Researchers headed into their studies wanting certain results—and, lo and behold, they were getting them. We think of the scientific process as being objective, rigorous, and even ruthless in separating out what is true from what we merely wish to be true, but in fact it's easy to manipulate results, even unintentionally or unconsciously.
“At every step in the process, there is room to distort results, a way to make a stronger claim or to select what is going to be concluded,” Ioannidis says. “There is [often] an intellectual conflict of interest that pressures researchers to find whatever it is that is most likely to get them funded.”
Here is another quote from the Freedman article that was written after he had visited Ioannidis and his team to observe the process of review in several meetings to understand how he reached his conclusions:
“Indeed, given the breadth of the potential problems raised at the meetings, can any medical-research studies be trusted?
“That question has been central to Ioannidis's career,” Freedman continues. “Ioannidis is what's known as a meta-researcher, and he's become one of the world's foremost experts on the credibility of medical research. He and his team have shown, again and again, and in many different ways, that much of what biomedical researchers conclude in published studies—conclusions that doctors keep in mind when they prescribe antibiotics or blood-pressure medication, or when they advise us to consume more fiber or less meat, or when they recommend surgery for heart disease or back pain—is misleading, exaggerated, and often flat-out wrong.

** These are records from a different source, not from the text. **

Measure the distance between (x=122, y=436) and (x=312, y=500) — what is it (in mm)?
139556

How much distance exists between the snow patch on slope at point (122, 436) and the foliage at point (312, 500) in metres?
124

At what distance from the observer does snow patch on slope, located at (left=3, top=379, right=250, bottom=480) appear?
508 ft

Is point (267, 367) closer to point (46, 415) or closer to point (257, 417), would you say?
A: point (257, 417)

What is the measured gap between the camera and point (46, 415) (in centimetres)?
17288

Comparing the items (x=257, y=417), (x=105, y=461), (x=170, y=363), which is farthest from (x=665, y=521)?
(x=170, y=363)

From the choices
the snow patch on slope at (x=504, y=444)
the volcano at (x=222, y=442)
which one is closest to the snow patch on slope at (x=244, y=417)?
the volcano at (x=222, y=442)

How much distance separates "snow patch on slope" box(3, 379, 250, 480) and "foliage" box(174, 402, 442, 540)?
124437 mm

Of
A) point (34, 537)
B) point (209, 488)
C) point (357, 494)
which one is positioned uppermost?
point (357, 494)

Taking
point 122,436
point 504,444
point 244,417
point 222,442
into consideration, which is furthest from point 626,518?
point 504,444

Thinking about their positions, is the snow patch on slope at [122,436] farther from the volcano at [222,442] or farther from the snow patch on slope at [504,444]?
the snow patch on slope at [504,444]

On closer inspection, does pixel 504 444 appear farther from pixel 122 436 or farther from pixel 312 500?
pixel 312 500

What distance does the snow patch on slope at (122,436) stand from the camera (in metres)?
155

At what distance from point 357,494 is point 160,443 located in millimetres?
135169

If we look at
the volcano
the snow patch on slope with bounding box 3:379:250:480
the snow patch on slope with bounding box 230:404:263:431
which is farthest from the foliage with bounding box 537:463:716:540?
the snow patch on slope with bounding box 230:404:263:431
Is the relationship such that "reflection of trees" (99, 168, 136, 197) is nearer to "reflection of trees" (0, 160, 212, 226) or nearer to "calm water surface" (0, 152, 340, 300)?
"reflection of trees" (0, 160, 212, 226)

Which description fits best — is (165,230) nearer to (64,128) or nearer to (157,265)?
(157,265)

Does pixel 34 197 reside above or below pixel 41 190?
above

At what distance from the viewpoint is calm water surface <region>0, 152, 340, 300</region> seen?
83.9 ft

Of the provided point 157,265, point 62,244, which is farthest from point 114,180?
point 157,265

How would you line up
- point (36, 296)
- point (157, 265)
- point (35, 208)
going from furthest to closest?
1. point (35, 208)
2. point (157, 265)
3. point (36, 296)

He charges that as much as 90 percent of the published medical information that doctors rely on is flawed.
“His work has been widely accepted by the medical community; it has been published in the field's top journals, where it is heavily cited; and he is a big draw at conferences,” Freedman writes. “Yet for all his influence, he worries that the field of medical research is so pervasively flawed, and so riddled with conflicts of interest, that it might be chronically resistant to change—or even to publicly admitting that there's a problem.”
Johnson pointed out in his column that concern has arisen in some high places—e.g., the journal Nature has assembled an archive, filled with reports and analyses, called “Challenges in Irreproducible Research.”
C. Glenn Begley wrote one of the papers. While he was at Amgen, he and his colleagues could not replicate 47 of 53 landmark papers about cancer. Some of the results could not be reproduced even with the help of the original scientists working in their own lab.
Could things be as bad as Ioannidis believes? I don't know. But if he is even half right, this is a big deal and those of us in clinical cancer research should feel responsible for the research we publish and act to determine if and when we have failed to produce reliable, reproducible and important data.